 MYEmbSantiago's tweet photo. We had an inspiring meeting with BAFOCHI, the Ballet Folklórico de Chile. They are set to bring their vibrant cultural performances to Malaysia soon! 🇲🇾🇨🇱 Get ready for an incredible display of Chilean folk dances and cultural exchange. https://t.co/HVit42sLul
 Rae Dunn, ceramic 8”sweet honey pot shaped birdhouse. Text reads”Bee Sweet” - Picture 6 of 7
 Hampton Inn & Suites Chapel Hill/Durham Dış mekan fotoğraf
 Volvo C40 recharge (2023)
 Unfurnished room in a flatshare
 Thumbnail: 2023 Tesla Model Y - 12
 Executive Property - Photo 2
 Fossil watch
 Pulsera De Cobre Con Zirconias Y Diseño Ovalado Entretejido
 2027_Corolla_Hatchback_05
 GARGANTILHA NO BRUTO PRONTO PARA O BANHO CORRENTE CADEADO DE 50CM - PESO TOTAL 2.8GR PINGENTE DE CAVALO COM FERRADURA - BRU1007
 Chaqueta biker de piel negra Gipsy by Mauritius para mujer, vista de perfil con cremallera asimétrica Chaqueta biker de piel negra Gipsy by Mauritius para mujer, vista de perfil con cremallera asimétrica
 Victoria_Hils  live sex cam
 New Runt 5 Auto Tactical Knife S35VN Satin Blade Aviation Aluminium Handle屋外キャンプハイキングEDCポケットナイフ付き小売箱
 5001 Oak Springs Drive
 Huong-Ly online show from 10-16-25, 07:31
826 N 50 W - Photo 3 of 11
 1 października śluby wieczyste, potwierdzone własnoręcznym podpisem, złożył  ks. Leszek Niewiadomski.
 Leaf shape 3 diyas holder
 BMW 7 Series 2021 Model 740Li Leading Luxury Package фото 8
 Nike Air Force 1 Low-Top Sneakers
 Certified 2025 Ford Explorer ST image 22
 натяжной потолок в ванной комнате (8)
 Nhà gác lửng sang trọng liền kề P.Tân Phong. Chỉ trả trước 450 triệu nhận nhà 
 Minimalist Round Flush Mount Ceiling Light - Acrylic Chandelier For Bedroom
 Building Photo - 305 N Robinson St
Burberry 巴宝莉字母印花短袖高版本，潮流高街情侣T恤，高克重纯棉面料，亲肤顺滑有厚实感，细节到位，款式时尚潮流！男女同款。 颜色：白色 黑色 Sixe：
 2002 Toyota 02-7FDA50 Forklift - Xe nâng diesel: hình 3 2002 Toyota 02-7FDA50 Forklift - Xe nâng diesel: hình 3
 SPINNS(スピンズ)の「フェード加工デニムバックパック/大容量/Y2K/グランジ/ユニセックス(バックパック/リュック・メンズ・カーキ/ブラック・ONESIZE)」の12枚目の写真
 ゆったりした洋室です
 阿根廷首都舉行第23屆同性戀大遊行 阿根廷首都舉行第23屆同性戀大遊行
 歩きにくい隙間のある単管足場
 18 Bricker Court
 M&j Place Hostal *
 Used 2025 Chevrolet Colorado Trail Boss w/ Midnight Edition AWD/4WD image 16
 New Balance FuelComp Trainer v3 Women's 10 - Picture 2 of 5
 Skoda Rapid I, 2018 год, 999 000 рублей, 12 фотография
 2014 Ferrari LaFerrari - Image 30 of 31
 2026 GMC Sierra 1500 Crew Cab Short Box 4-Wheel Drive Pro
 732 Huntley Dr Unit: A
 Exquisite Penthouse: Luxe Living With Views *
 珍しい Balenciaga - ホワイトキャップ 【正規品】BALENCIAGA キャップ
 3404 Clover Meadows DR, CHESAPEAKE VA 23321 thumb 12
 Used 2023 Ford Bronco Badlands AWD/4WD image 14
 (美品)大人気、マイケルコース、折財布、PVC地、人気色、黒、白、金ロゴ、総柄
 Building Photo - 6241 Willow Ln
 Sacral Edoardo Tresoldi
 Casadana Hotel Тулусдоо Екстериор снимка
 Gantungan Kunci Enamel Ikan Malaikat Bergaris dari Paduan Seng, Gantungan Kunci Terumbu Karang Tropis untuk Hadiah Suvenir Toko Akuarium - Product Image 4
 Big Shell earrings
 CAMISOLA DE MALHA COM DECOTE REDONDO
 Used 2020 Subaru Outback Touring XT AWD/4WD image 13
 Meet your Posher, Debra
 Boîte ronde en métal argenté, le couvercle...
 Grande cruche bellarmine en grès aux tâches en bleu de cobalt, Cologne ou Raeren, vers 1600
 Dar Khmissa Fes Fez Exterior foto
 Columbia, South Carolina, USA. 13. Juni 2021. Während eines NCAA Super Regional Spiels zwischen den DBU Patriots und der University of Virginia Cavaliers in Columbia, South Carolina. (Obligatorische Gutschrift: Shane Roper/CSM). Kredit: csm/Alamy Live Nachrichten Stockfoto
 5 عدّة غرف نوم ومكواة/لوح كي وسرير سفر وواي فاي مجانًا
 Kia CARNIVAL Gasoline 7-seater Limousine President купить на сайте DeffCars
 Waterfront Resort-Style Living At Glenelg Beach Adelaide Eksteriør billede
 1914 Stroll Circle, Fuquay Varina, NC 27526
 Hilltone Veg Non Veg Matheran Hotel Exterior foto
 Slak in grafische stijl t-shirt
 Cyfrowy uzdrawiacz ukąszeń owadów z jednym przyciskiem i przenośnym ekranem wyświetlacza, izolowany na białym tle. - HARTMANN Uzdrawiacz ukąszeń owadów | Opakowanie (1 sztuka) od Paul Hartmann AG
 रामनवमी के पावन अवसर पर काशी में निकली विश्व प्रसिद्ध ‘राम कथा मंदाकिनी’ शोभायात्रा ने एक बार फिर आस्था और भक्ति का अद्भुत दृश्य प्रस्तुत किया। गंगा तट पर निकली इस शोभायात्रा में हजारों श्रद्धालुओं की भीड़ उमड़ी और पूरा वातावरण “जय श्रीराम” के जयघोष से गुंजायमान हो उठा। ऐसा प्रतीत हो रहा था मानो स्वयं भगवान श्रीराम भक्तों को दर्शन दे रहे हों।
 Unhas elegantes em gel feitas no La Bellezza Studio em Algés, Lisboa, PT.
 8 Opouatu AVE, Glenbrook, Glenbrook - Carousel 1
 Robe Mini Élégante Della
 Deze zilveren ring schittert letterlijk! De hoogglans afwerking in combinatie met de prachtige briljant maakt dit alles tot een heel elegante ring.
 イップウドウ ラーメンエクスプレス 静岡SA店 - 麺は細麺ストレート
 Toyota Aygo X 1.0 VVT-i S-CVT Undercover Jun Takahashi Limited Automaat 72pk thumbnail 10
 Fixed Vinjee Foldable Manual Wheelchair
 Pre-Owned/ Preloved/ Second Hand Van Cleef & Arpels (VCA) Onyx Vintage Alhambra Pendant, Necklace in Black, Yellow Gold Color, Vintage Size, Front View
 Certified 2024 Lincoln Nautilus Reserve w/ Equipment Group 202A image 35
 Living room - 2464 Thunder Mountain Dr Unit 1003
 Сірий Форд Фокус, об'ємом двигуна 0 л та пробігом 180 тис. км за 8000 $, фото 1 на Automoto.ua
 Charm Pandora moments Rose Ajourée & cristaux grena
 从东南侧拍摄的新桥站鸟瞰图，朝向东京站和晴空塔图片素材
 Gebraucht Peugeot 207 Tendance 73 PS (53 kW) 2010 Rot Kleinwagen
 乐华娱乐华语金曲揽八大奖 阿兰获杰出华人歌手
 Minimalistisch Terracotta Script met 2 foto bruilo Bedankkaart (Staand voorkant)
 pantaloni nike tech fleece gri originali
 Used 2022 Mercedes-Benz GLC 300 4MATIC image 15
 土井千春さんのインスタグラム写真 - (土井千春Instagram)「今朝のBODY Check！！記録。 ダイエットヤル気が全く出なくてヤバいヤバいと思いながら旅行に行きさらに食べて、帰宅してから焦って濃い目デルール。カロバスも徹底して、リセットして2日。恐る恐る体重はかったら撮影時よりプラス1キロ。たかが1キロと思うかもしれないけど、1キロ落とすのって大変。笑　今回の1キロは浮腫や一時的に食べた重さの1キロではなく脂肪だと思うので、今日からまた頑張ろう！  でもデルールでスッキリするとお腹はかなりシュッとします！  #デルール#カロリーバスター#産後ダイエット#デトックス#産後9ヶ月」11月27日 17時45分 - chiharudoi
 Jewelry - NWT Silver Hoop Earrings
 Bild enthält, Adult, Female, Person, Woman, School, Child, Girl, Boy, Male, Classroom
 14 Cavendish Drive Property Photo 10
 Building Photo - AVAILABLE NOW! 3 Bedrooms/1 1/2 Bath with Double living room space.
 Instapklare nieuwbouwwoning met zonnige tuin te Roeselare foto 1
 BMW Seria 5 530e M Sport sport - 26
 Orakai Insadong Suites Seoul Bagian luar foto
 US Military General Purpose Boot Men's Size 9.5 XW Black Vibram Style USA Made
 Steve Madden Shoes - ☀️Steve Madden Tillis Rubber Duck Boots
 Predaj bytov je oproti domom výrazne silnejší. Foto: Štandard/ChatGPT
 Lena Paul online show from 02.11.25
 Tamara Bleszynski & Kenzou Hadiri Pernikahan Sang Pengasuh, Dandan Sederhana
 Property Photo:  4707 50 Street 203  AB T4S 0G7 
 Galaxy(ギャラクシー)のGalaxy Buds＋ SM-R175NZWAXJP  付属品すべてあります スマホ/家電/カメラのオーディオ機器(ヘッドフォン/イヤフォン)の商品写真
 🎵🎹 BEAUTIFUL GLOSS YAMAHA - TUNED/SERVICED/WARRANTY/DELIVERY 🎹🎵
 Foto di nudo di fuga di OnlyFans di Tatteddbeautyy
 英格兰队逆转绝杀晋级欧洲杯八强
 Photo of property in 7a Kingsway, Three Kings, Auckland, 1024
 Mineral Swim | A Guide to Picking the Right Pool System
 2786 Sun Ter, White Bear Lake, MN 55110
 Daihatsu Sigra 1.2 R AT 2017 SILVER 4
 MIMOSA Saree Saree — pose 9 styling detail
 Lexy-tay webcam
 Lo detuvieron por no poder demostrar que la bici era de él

★ ★ ★ ★ ★ ★ ★

◆ AIM OF THE TASK: Report all lines of the material that contain the word "Picture".

◆ SOLUTION TO THIS TASK:
 Rae Dunn, ceramic 8”sweet honey pot shaped birdhouse. Text reads”Bee Sweet” - Picture 6 of 7
 New Balance FuelComp Trainer v3 Women's 10 - Picture 2 of 5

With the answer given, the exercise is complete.